第22話


 幻のように春の桜は散り、みずみずしい青葉が一斉に茂りだした。夏までの間に稚武わかたけ風羽矢かざはやはまた書物を一つ二つ読み終え、剣の腕を上げた。


 倶馬曾クマソ討伐軍の徴兵は二人のあずかり知らぬところで着々と進み、実感の湧かないままにとうとう出立の日となった。


 その朝、出陣の儀式も済んでいよいよという時に、稚武と風羽矢は大王おおきみに呼ばれた。


大泊瀬おおはつせ、それに風羽矢。二人とも、今日までよく厳しい修練に耐えてきた。わたしは、そなたらを誇りに思う」


 二人は照れてちぢこまった。おろしたての鎧を身に着けている稚武は、はにかみながら言った。

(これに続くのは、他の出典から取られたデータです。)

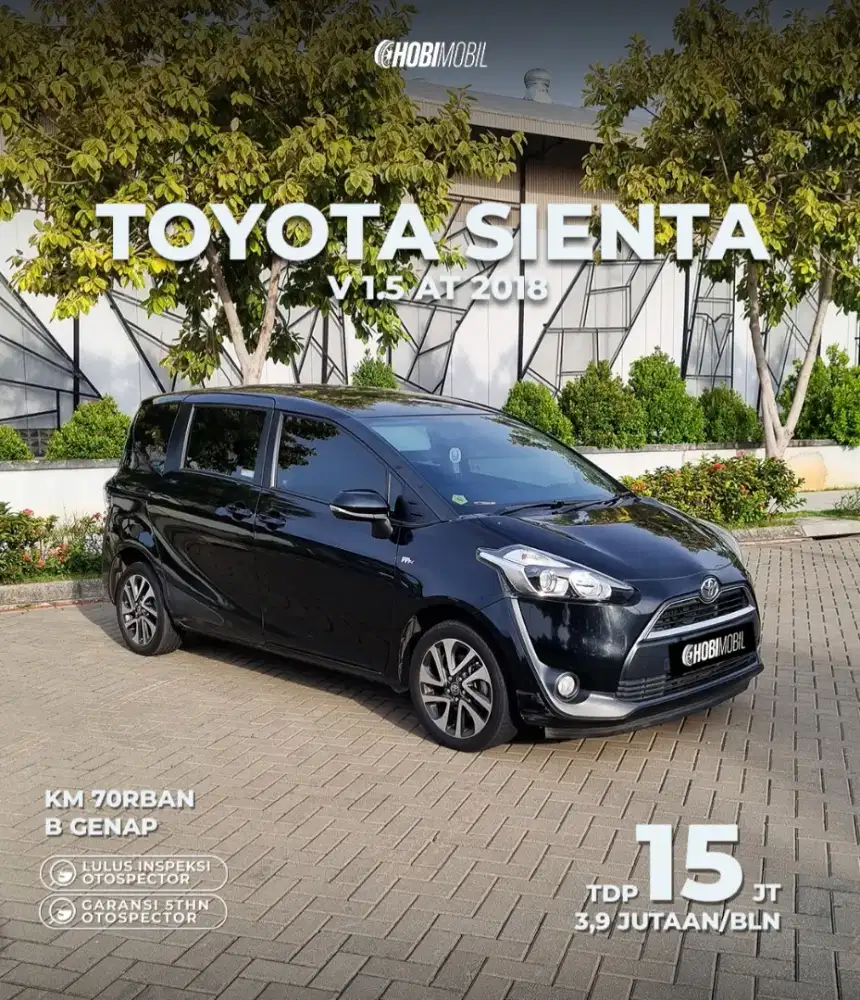 Sienta V 1.5 AT Thn 2018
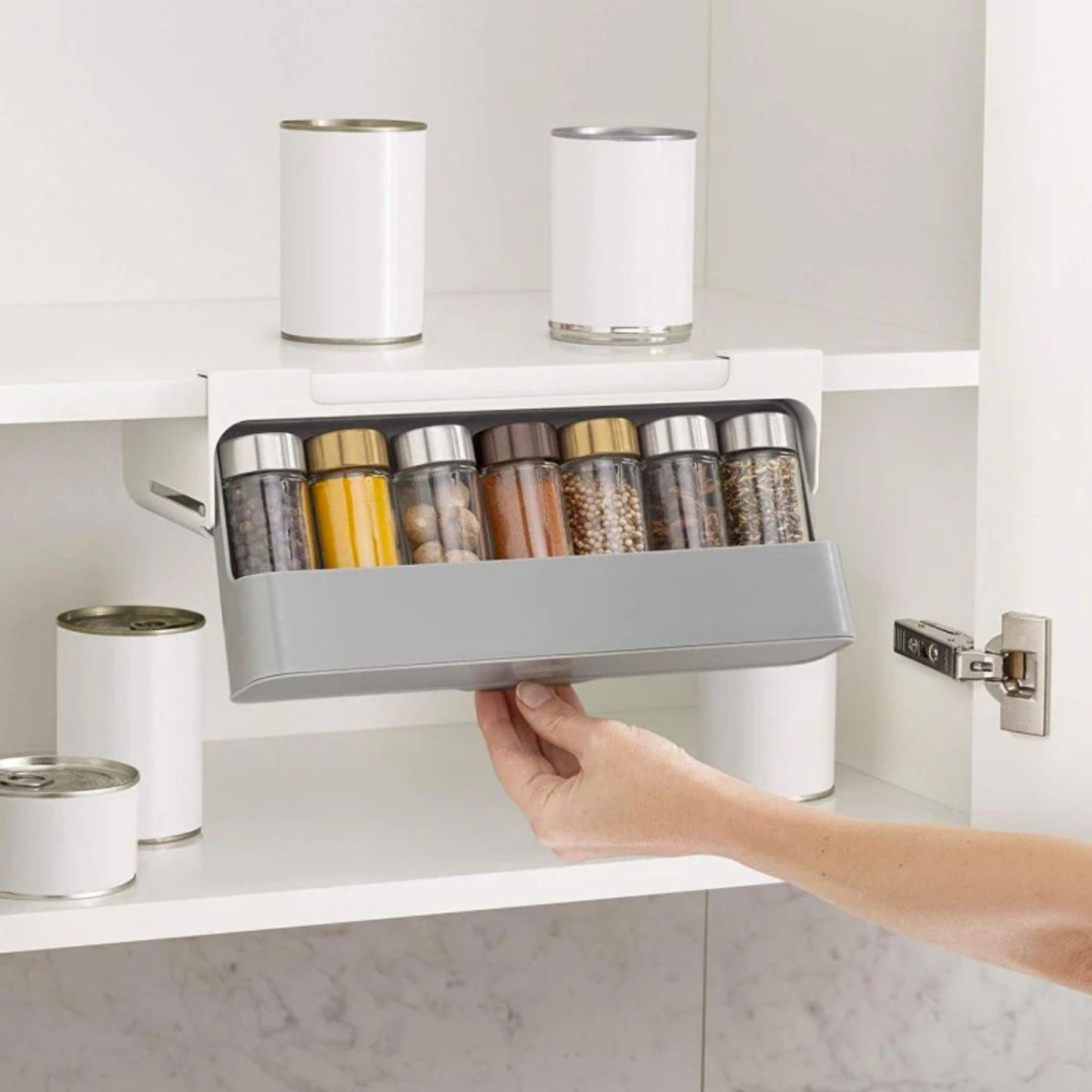 Porta Especiero Spice Rack® incluye 7 frascos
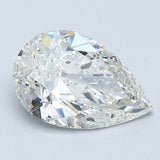 1.5 carat Pear diamond G  VS2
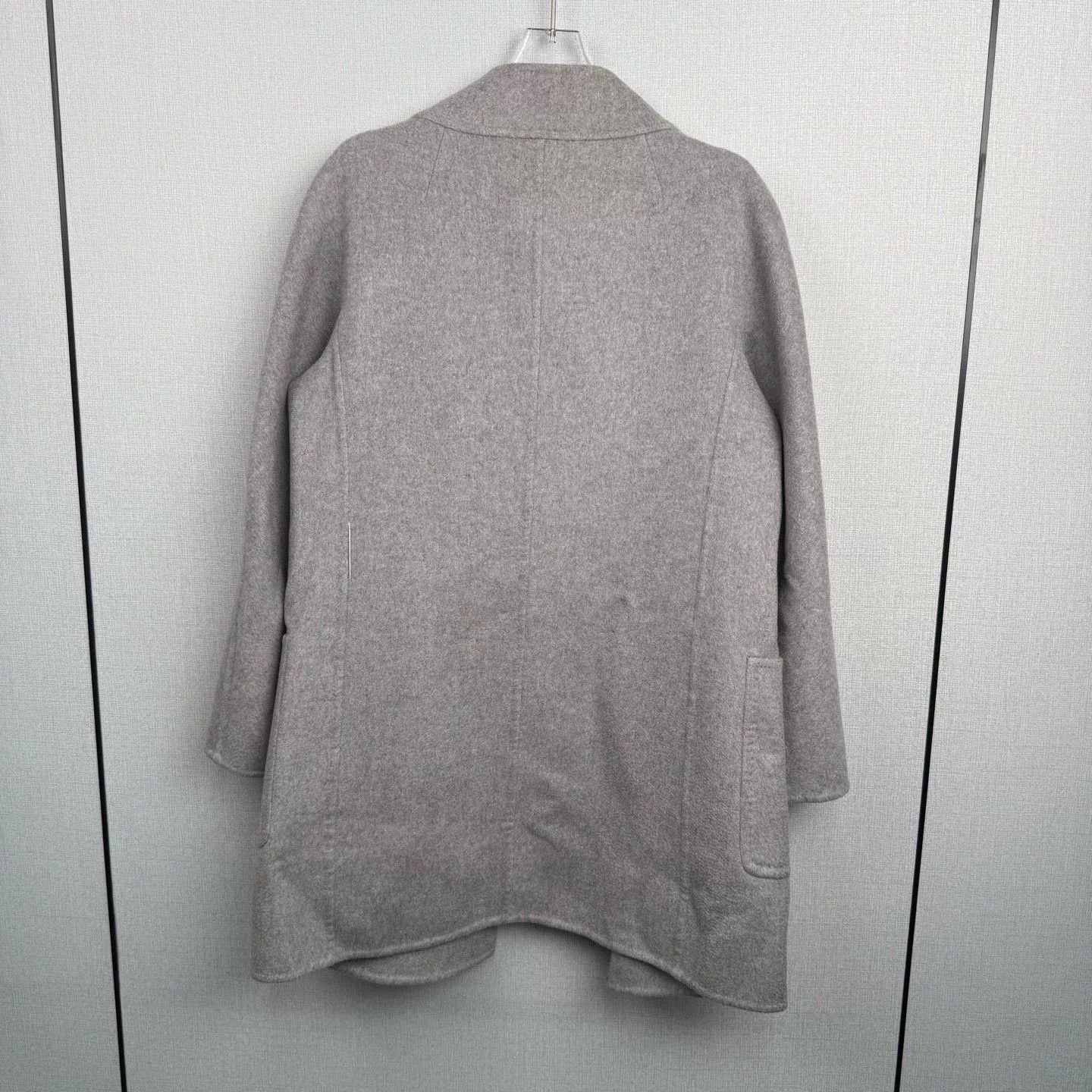 Max Mara maxmara gray coat size 42 Size US L / EU 52-54 / 3 - 4 Thumbnail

「もったいないお言葉です。まだ倶馬曾を平定してきたわけではないし、神器を破壊してきたわけでもないのに」


 そうだったな、と大王は笑った。


「だが、大泊瀬、そなたならやり遂げられると信じている。わたしは都に残るが、いつでもそなたの身を案じているよ」

「ありがとうございます……大王」


 心から喜んでいる稚武であったが、大王はふっと寂しげに微笑んだ。


「……結局、そなたはわたしを父とは呼んでくれなかったな、一度も」

「えっ」


 稚武はわたわたと焦って手を振った。


「違います、違うんです。別に、大王を父と思えないとか、そういうのではなく……っ。ただ、あの、本当にそう呼んでいいのか、自信がもてなくて」

「自信?」


 きょとんとした大王に、稚武は頬をかいて頷いた。


「はい……俺はまだ、皇子として一人前ではないですから。――だから、ちゃんと倶馬曾を平定して、神器の呪いを解いて、そうして帰ってきたときには、呼ぶことができると思うんです。……父上様と」


 聞いている大王の顔が晴れていく。


「俺、もっとしっかりとした男になって帰ってきます。あなたを父と呼ぶのにふさわしい男に。だから…待っていてください」


 大王は満面の笑みで頷いた。


「そうか。――ああ、待っているとも。そなたの無事を祈りながら、わたしはこの地で待っているよ」

「はい」


 稚武はかすかに頬を赤らめながら、嬉しそうにこたえた。そんな相棒を、風羽矢は少々羨ましくも微笑ましい気持ちで見守っていた。


「皇子、そろそろ出立の時間です」


 親子の別れに区切りをつけさせなければならない立場の久慈くじが、決まり悪そうに言う。


 稚武は素直に頷いた。


「はい。……では」


 ああ、と大王は名残惜しそうに頷いたが、ハッとして稚武を呼び止めた。


「待ちなさい。――そなたに、これを渡しておこう」

「は……」


 立ち止まった稚武に歩み寄り、大王は自分が首から下げていた勾玉を外して差し出した。


 その勾玉は美しい桜色をしていた。珍しい色だ、と単純な感想をもって、稚武はうやうやしくその勾玉を受け取った。そしてさらにしげしげと見つめる。


 大王はおだやかに目を細めた。


「ずっと渡しそびれていた。それは、そなたのための御祝玉みほぎだまだよ、大泊瀬」

「御祝玉」


 稚武は目を丸くして大王を見た。


「俺の……ための?」

「そうだ。もちろん、大王家の御祝玉である神器の『玉』とはわけが違うが。……昔ね、わたしが宮古みやこに妻問うた時に贈ったものなのだよ。だが……彼女は宮から姿を消したとき、これだけを残していったのだ」


 言葉もなく桜色の勾玉に目を凝らしている稚武に、大王はにこりと笑んだ。


「持っていきなさい。きっと宮古がそなたを守ってくれる」

「はい…!」


 我にかえり、稚武は頬を上気させてその御祝玉を首に下げた。


「ありがとうございます、大事にします…っ」


 ああ、と大王は満足そうに微笑んだ。


「では、行って来るといい。体には気をつけよ」

「はい」

「倭の未来を頼んだ」


 稚武は勢いよく頷いた。


「はい、行って来ます!」


 弾けるような笑顔だった。誰もがその笑みに魅了されていたので、気づく者はいなかった。稚武を見送る大王が、ひっそりと目を潤ませていたことに。